**Stored data:**

--- START ---

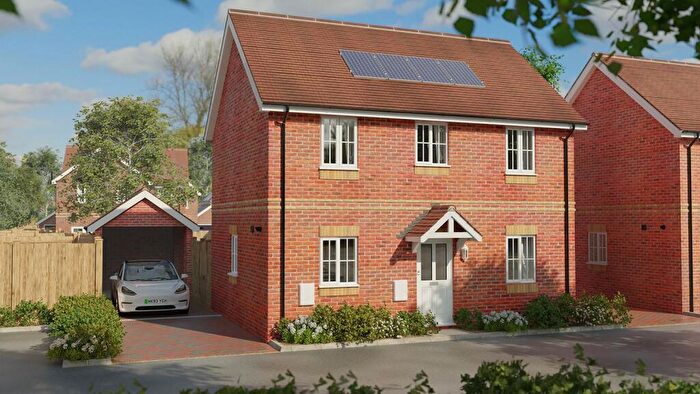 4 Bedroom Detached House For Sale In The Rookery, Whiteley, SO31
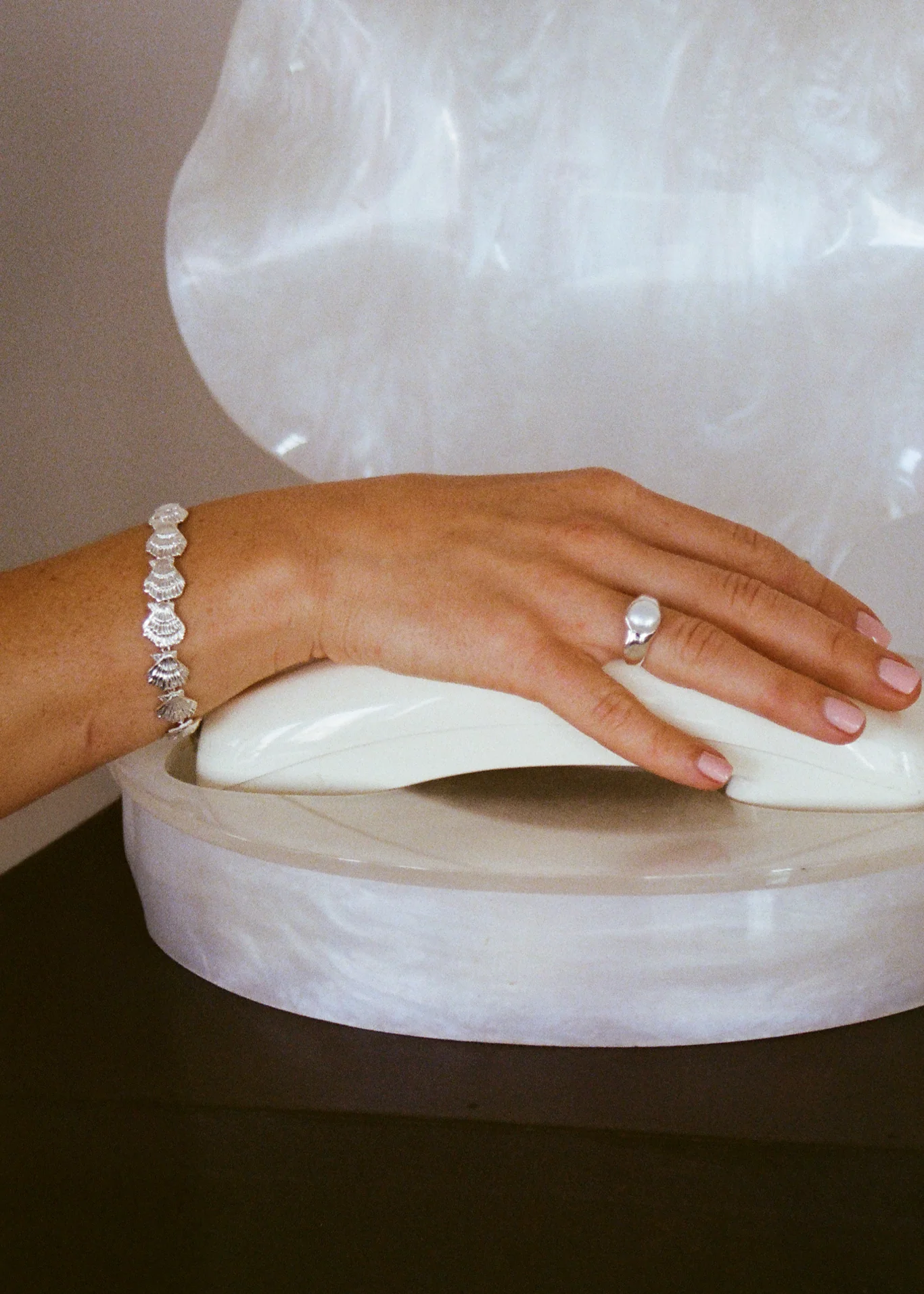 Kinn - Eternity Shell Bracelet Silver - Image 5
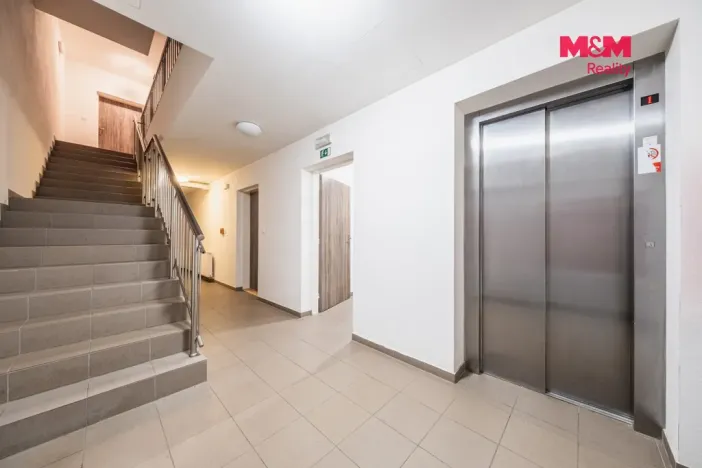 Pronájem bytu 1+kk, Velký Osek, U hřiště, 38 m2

--- END ---
--- START ---

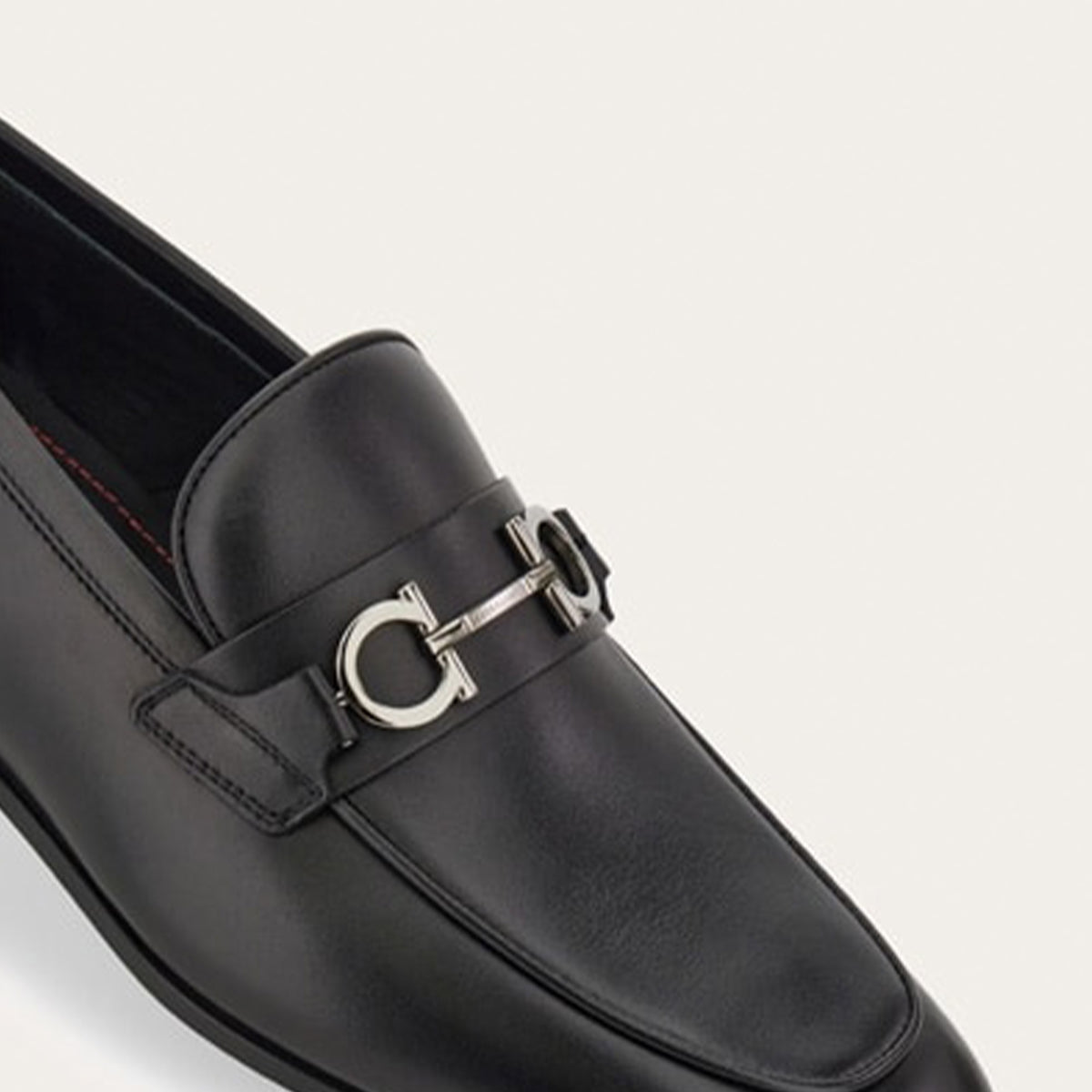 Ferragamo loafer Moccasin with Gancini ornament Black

--- END ---
--- START ---

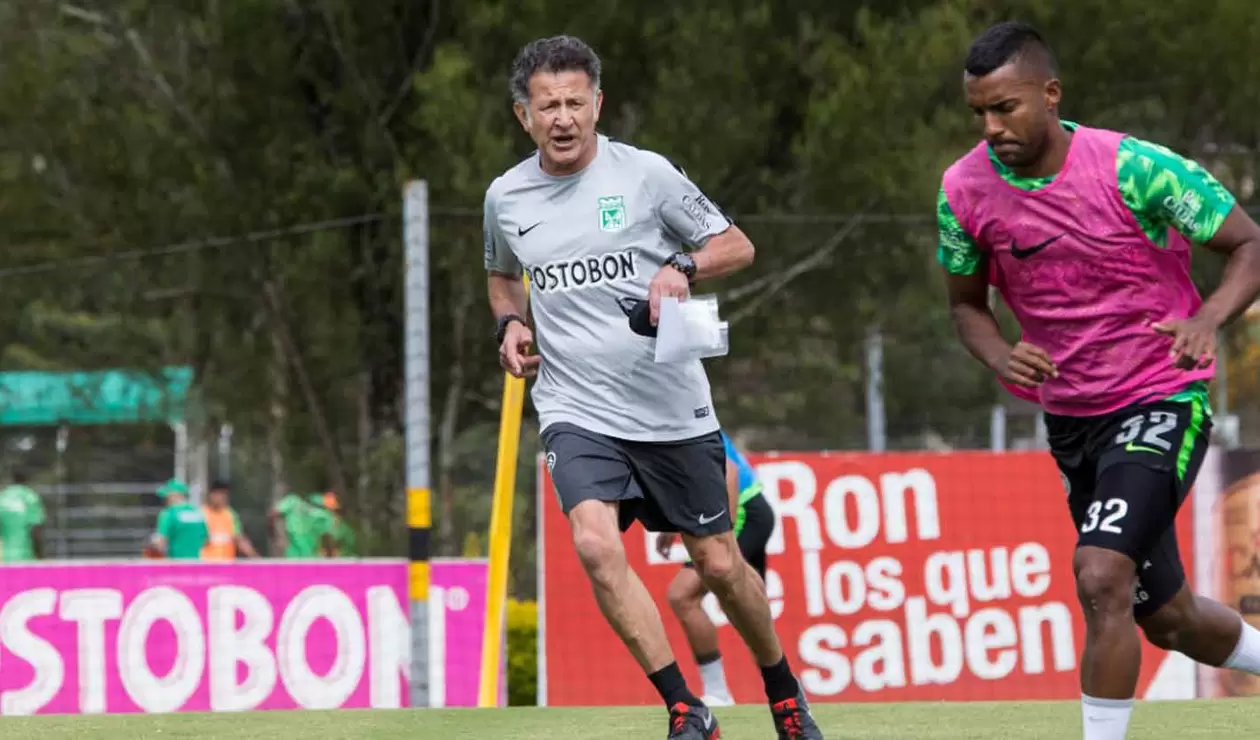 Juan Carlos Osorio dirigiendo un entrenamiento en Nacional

--- END ---

**Work task:**
From the material above, output only the span of lines that starts at the one containing "4 Bedroom Detached" and finishes at the one containing "Pronájem bytu 1+kk, Velký", word for word and free of pictures.

**Worked solution:**
 4 Bedroom Detached House For Sale In The Rookery, Whiteley, SO31
 Kinn - Eternity Shell Bracelet Silver - Image 5
 Pronájem bytu 1+kk, Velký Osek, U hřiště, 38 m2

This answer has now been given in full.